→ The task
Could you print the listing again exactly, omitting the pictures?

→ Supplied data
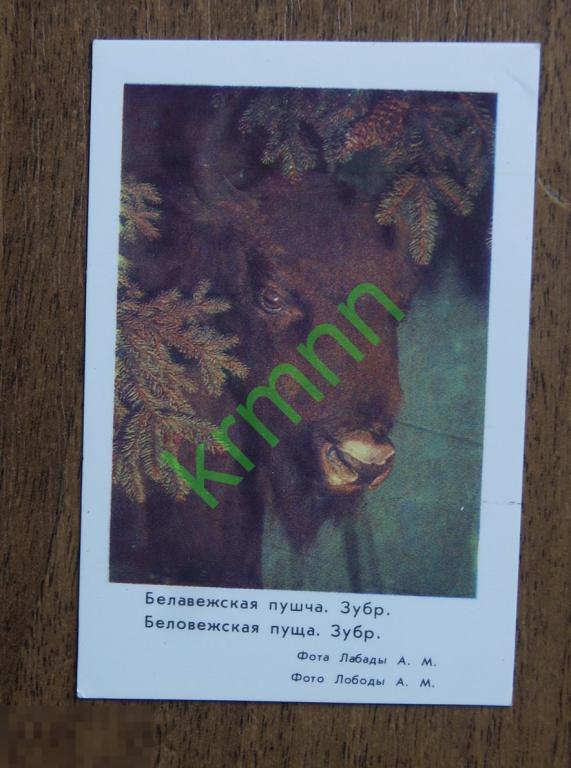 Календарик карманный Беловежская пуща Зубр 1983 ПК10/2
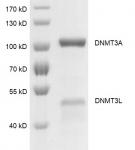 DNMT3A / DNMT3L complex Coomassie gel
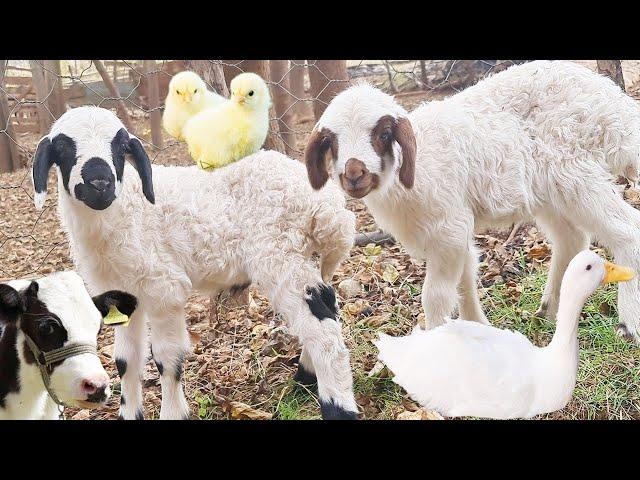 learn about adorable animals , Duck Sound , Sheep , Baby Cow , Chicken ,Animal Sound , lambs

→ Answer to this task
 Календарик карманный Беловежская пуща Зубр 1983 ПК10/2
 DNMT3A / DNMT3L complex Coomassie gel
 learn about adorable animals , Duck Sound , Sheep , Baby Cow , Chicken ,Animal Sound , lambs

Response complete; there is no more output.